Deathly serious pop songwriters are few and far between, and very few of them have followed the basic Beatles blueprint so unwaveringly and to such psychological extremes. As Miss Mann’s confidence has grown, each new album has contained less and less that’s merely showy. On “The Forgotten Arm,” it’s the tiniest, barely noticeable, refinements to familiar song forms that illustrate her ever-increasing mastery of her idiom.

It’s there in the two-word slide up to falsetto that levitates the chorus of the bouncy 12-step anthem “I Can’t Get My Head Around It,” and in the effortless way her lyrics do exactly what she wants them to do, sounding neither stiltedly literary nor colloquial.

Listen to how the use of specific place names lends a suitably dim light to the cell-like hotel room in “Little Bombs,” or her way of conjuring up a scene with just a handful of words, as in the album’s opening lines, from “Dear John”: “Cotton candy was king on the midway that spring, when I saw you in the ring on the lawn.”

It’s the musical equivalent of simple, elegant, well-made bed linen; this is classic pop music with an unbelievably high thread count.

In keeping with the overall concept, there is a blowsy ease to the ensemble performances, a definite relaxation of Miss Mann’s usual reliance on studio wizardry — more than one song ends with a tantalizing taste of rollicking improvisation.

The guitars throughout are especially effective in re-creating ‘70s-era pyrotechnics without ever quite crossing the line into pure cheese, and the splashy piano playing brings a gust of fresh air to songs such as “I Can’t Help You Anymore” and “I Can’t Get My Head Around It.”

But Miss Mann is too much of a pop formalist to truly let the band off-leash, and that is one of the album’s minor frustrations. “That’s How I Knew This Story Would Break My Heart,” the devastating ballad that serves as the album’s thematic centerpiece, inexplicably sputters to a close after four minutes, just as it’s getting up a full head of incantatory steam. (On the ‘70s albums she cites as blueprints, similarly structured songs often would vamp into infinitely suggestive, minutes-long extended fade-outs.)

For all her prodigious talents, Miss Mann’s first couple of albums had too many moments of unbecoming vindictiveness and self-pity.
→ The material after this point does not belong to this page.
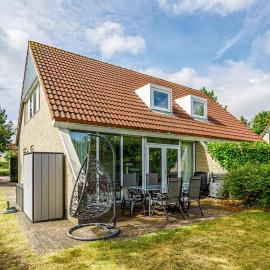3 Bedroom Cozy Home In Vlagtwedde, viešbutis mieste Vlagtwedde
Later, on the “Magnolia” soundtrack and her unflinching masterpiece “Lost in Space,” Miss Mann took baby steps towards taking a measure of personal responsibility and showing genuine empathy, but the overall picture she painted was still one of hopelessness, the tragedy of which lay in its almost complete lack of redemption. It was a step up from self-pity, but as any addict knows, acknowledgement is only half the battle.

Miss Mann’s real accomplishment with “The Forgotten Arm” lies in her taking the next step on this spiritual continuum, to forgiveness and making amends. Despite the traumatic experiences of her protagonists, the album actually has a happy ending. In the disarmingly direct ballad that ends the album, “Beautiful,” the two lovers celebrate the genuine beauty they have learned to see in each other — through acceptance of each other’s inherent flaws, not despite them.

Because the truth is, people do terrible things to each other all the time and still somehow manage to go on living and loving. It’s messy business, of course, which is why it’s so heartening to find Miss Mann realizing at last that when it comes to human beings, there’s no such thing as perfection and that getting dirty isn’t necessarily the end of the world.